[Personal post & trigger warning]
A few months ago, I became single for the first time in eight years. During those eight years, I developed and began recovering from my eating disorder – a disorder that left me with a very, very complicated relationship with my body.
The first time I had sex was relatively close to the start of my eating disorder, just a few months before I reached my lowest weight. I was sixteen and sex was awesome. At first.
But, within two years, my libido was gone – physically. I still wanted to have sex because I was supposed to be having sex – it was supposed to feel good. In fact, it always had felt good, but suddenly, I couldn’t even come anymore. I would just lay there wondering what the hell was wrong with me. I felt unsatisfying, worthless, and like a failure. But I still felt like I needed to be trying.

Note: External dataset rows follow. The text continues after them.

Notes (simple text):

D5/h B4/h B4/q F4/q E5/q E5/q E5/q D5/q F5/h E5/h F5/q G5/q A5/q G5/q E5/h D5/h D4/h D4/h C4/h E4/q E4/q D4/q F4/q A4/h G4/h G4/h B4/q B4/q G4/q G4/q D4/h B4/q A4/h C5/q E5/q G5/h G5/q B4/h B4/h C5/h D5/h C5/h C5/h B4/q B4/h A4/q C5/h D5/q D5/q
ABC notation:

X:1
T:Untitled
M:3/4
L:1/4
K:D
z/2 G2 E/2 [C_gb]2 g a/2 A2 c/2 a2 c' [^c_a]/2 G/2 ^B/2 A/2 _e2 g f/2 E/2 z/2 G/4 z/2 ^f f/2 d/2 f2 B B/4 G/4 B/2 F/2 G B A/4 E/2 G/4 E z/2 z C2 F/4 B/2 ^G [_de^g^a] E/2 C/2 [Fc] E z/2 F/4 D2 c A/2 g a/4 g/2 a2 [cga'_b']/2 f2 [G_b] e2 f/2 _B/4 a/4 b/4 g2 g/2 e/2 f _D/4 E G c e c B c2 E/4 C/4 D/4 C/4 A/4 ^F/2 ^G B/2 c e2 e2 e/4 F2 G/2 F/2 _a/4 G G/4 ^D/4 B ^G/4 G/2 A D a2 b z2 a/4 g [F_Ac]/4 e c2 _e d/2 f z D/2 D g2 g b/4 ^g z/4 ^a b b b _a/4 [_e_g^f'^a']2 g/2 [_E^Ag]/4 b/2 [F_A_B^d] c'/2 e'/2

“Women with eating disorders often report a lack of sexual interest during the course of their eating disorder. Several solid studies, including one, which assessed 242 women, found that issues with physical intimacy, libido, sexual anxiety, and difficulty in romantic relationships are present among this population.”
I remember googling “how to be confident in bed” and reading Oprah articles (I think this is the exact one I read!), as if that could save me from the chokehold of my eating disorder. I began to link my self worth to my body so much that sex was the only way I felt wanted, needed, desired, attractive, worthy. I may not have gotten any physical pleasure out of it, but I got some kind of emotional pleasure that I still struggle to find anywhere else.

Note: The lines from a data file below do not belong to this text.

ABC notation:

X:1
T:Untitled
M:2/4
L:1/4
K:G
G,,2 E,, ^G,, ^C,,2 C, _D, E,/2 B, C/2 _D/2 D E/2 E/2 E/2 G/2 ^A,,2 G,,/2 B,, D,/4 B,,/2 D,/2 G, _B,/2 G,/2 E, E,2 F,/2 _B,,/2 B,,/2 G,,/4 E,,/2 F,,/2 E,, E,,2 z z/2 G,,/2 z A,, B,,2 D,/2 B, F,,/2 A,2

I don’t think my sex drive returned to normal until a couple years into recovery, but my relationship with sex is still a mess. I still associate it with my self worth; if my partner doesn’t feel like having sex, I respect that, but then I need to convince myself that it’s not because he doesn’t like me. And that is an exhausting conversation to have with myself.
Anyway, a few months ago, I found myself single for the first time in eight years, and my biggest concern was my body and weight. I immediately blamed the breakup on my body and weight (this was not the real reason, obvi) and I asked myself, “how could anyone find you attractive at X pounds?” The weight gain of recovery was hard enough to handle while in a relationship; I had no idea how I was going to handle it while dating new people.
So I handled it the only way I knew how: I started restricting again. I’d been restricting on and off for a couple months anyway (the holiday season + weighing myself for the first time in four years = trigger party!), but thinking about a new person seeing me naked really set me off. I was like, “I am so going to relapse. For real this time.”
My friend told me he wanted me to meet his friend. So, naturally, I went through The Friend’s Instagram and saw that he had recently lost Y pounds. First thought: “I can’t meet him! I’m not going to be thin enough for him.” Second thought: “he’s absolutely gorgeous and I need to meet him.” I procrastinated meeting him for weeks because I didn’t feel skinny enough, just restricting and looking at his Instagram until… Eventually, we met.
We started dating. I couldn’t eat in front of him for another couple weeks, and then I had to face reality: we were going to have sex at some point. This was incredibly triggering. I would restrict more on the days we had dates planned, just in case.
But honestly, the night that we did have sex for the first time was incredibly liberating. He didn’t know anything about my eating disorder, body image issues, or self esteem – but he still found me attractive and wanted me. Somehow, this made me feel more comfortable being naked in front of him. It was like the eating disorder and body image issues didn’t exist that night.
I mean, I had to tell him, though. We’re in a relationship now and that’s kind of a big part of my tragic backstory. Not telling him about my eating disorder would be like Avatar: The Last Airbender never telling us how Zuko got his scar.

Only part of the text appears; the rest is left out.